Del Grand Tour dieciochesco al road movie contemporáneo, el viaje ha sido siempre un itinerario de descubrimiento. Ya sea un viaje de estudios o un deambular azaroso sobre ruedas o raíles, el desplazamiento a otras geografías físicas, sociales y culturales es a la vez una experiencia formativa y un rito de paso. El ensimismamiento identitario y los prejuicios xenófobos se curan viajando, y no hay mejor estímulo del pensamiento y la emoción que la libre circulación de los cuerpos y las conciencias. Recomendable para cualquiera, el viaje es imprescindible para el arquitecto, porque la experiencia del edificio se traslada con dificultad mediante fotografías o dibujos: sólo la visita permite entender plenamente una obra, y no digamos ya una ciudad o un paisaje. Los viajes de los arquitectos, de Soane o Viollet-le-Duc hasta Le Corbusier o Kahn, constituyen un género artístico y literario, pero también un acervo interpretativo y nutricio.

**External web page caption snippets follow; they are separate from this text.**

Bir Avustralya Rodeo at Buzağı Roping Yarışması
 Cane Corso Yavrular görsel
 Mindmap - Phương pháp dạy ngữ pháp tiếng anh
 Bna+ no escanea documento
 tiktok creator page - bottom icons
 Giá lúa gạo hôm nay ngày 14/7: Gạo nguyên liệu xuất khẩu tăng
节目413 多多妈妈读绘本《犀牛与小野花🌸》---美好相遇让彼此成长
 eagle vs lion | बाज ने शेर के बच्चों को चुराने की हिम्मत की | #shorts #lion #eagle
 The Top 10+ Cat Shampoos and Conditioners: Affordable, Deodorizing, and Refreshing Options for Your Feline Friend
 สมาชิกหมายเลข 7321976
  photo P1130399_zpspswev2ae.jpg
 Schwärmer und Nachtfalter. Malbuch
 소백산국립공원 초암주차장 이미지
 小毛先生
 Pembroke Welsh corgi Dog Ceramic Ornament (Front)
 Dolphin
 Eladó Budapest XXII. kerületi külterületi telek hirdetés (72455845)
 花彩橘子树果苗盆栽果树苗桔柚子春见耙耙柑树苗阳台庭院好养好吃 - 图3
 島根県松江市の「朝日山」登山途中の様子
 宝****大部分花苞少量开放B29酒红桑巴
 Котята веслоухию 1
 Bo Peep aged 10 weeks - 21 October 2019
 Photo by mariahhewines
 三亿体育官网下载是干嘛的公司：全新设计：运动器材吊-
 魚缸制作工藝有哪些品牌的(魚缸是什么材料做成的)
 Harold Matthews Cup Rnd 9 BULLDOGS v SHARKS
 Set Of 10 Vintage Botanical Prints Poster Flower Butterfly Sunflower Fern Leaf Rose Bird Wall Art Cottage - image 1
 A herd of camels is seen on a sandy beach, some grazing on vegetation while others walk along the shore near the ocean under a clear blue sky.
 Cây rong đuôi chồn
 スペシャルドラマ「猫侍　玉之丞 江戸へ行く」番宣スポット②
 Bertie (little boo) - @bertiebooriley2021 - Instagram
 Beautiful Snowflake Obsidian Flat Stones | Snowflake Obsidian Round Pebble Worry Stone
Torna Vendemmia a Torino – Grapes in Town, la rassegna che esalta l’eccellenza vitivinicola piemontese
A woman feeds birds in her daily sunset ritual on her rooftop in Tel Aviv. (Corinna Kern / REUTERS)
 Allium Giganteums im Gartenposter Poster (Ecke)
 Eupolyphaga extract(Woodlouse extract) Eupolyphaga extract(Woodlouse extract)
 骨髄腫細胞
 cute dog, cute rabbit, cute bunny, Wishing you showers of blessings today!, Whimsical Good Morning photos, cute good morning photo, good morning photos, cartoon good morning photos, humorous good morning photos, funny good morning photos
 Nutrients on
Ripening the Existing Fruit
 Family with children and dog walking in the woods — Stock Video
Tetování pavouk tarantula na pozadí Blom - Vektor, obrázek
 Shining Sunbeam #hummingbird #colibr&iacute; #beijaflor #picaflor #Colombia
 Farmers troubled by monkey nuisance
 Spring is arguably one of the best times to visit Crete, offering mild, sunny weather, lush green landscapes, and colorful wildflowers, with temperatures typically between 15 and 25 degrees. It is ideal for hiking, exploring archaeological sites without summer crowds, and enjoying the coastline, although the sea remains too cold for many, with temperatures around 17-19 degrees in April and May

La eclosión del turismo de masas en la segunda mitad del siglo XX ha dado al viaje un significado distinto, porque no es fácil enhebrar un hilo de continuidad entre el gentleman en búsqueda de antigüedades o el burgués de Wagons-Lits y guía Baedecker con los jóvenes de las crazy techno afternoons en Ibiza. Sin embargo, esos masivos desplazamientos, impulsados por la difusión del automóvil primero, y multiplicados después por la generalización de los vuelos baratos, han erosionado fronteras de desconocimiento y recelo, y han difundido comportamientos y hábitos, fomentando la tolerancia y la aceptación de la diversidad. Producto del pacto social de la postguerra, que universalizó las vacaciones pagadas, esta colosal industria del ocio se ha contemplado a menudo con desdeño elitista, pero para buena parte de la población, sujeta a su trabajo rutinario y estéril, ha sido fuente de placer y mecanismo de compensación.

En esta empresa global de entretenimiento, la arquitectura ha tenido un papel protagonista, produciendo iconos que ayudan con sus estrellas Michelin al city branding que atrae visitantes, mediante los parques temáticos que reúnen las construcciones emblemáticas del planeta para el viajero apresurado, o a través de los hoteles exóticos que ofrecen al huésped un consumo de experiencias adulteradas o genuinas. Nadie ha explorado el turismo contemporáneo, de los viajes organizados a los clubs de vacaciones, más lúcidamente que el escritor Michel Houellebecq, con una mirada desolada y tierna donde la devastación emotiva de hombres y mujeres se ilumina a fogonazos por la promesa de felicidad de un tiempo detenido en un lugar distante. Como subraya en su relato Lanzarote, «el mundo es de talla mediana», y seguramente los que hoy podemos llegar a sus paisajes más remotos lo somos también.